Starting with the opening line of the material, restate every line word for word, and end on the line containing "Monitor DELL Pro 32 Plus P3225DE".
(Data supplied begins)
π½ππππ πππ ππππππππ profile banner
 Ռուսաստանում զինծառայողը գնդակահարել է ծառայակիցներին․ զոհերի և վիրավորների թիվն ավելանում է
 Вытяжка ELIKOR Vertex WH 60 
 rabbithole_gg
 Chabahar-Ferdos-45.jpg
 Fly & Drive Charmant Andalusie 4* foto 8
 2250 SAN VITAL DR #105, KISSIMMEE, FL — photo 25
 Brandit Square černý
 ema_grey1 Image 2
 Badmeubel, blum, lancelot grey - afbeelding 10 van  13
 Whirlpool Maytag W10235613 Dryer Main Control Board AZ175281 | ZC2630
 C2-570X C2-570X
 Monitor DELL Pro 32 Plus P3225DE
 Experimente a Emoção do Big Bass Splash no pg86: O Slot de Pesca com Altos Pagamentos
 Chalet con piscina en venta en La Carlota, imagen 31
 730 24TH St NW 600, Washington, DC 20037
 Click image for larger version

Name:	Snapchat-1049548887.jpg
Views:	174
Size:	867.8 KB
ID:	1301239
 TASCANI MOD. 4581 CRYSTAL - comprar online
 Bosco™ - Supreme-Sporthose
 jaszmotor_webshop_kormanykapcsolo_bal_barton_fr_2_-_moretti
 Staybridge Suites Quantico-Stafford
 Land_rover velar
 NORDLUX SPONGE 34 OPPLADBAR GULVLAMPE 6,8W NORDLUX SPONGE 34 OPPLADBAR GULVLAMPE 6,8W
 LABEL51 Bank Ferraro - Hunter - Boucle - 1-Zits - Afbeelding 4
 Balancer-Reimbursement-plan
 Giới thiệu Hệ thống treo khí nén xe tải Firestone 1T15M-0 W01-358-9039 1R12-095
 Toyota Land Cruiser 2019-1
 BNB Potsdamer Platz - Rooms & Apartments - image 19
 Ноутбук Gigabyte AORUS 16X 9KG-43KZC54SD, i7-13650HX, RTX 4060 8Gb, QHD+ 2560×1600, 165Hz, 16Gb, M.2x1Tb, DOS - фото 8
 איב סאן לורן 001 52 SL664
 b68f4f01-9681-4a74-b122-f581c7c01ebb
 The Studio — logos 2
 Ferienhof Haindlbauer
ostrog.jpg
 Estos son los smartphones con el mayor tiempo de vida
(Data supplied ends)
▶ **Answer section**:
π½ππππ πππ ππππππππ profile banner
 Ռուսաստանում զինծառայողը գնդակահարել է ծառայակիցներին․ զոհերի և վիրավորների թիվն ավելանում է
 Вытяжка ELIKOR Vertex WH 60 
 rabbithole_gg
 Chabahar-Ferdos-45.jpg
 Fly & Drive Charmant Andalusie 4* foto 8
 2250 SAN VITAL DR #105, KISSIMMEE, FL — photo 25
 Brandit Square černý
 ema_grey1 Image 2
 Badmeubel, blum, lancelot grey - afbeelding 10 van  13
 Whirlpool Maytag W10235613 Dryer Main Control Board AZ175281 | ZC2630
 C2-570X C2-570X
 Monitor DELL Pro 32 Plus P3225DE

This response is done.